The reality is that for 6 months I was feeling great and running great. Then my father got very sick. I was having bad stomach problems. I wasn\'t sleeping well and had some bad luck. This week I feel great.  

My life is full of great and terrible meets betting horses.

There is a high variance in results among relatively low percentage things like winning poker hands or horse races. Aside from that normal randomness, crap happens in life that impacts results.  
 
IMO, that goes double for training horses because there are events and trainer intentions that can dictate both positive and poor results for long stretches of time over and above the randomness of the performances of the horses.  

To me it shouldn\'t matter if we all agree about 9 out of 10 of the \"suspect\" trainers and can make long lists of suspect horses, suspect meets, wildly improving figures etc...

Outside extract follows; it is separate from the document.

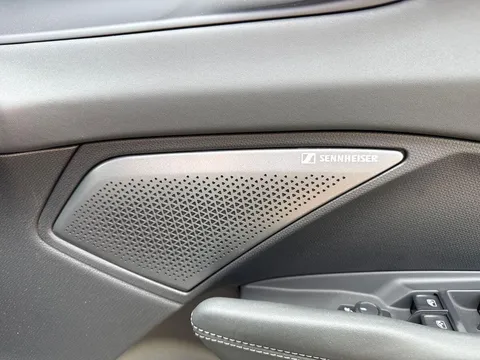 KJ25RVZ CUPRA Terramar 2.0 TSI Americas Cup Edition DSG 4Drive Euro 6 (s/s) 5dr Thumbnail #36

It\'s the 1 we might disagree about that is the reason I\'ve been such a pain in the butt about this. I think there is \"at least one\" trainer who has been getting bashed regularly that isn\'t doing anything illegal. He\'s just got great stock, great help, great resources and is just that darn good. That\'s why his horses win so often and improve so much when he gets them.

I\'ll drop it.



Post Edited (03-02-05 20:32)

kev

This from 1996 stats.
KY coming into Sar: 124 starts 23 wins=19% for a +0.45 ROI, CD had 23% winners coming into Sar.... BEL: KY shippers won at 17% for a -0.50 ROI and CD won 20%, AQU: KY won at 21% for a +0.95 ROI. Looking over the trainer stats for the 95-96 year.Trainers win % with a good amount of starters: J.Dowd 24%, R.Ellis 28%, Bobby Frankel 21%, F.Miller 27%, M. Moran 24%, W.Mott 24%, J.Parisella 23%, E.Perdue 26%, B.Perkins sr. 33% wow, E.Weymouth 26%...T.Pletcher 16% with 204 starters. T.Amoss 24%, I guess this is the hot Cole Norman it says Norman M C 12%, T.Ritchey 23%, W.Dollase 25%, D.W.Lukas 21%, B.Baffert 22%, D.Hofmans 23%, R.Mandella 22%, D.O\'neil 9% with 80 starts, M.Mitchell 24%

kev

If KY is not hard on these trainers, then who are the hot jump up trainers in KY??? Seems like to me everyone I hear is from NY or Cail.???? or down south in LA.

kev

Yes, but RD bought this hoss for 50K and ran him right back in 50 and got his butt kick, the horse had been running for higher tags before in his life. That is one thing I see in RD horses showing early speed that they hav\'nt showed before.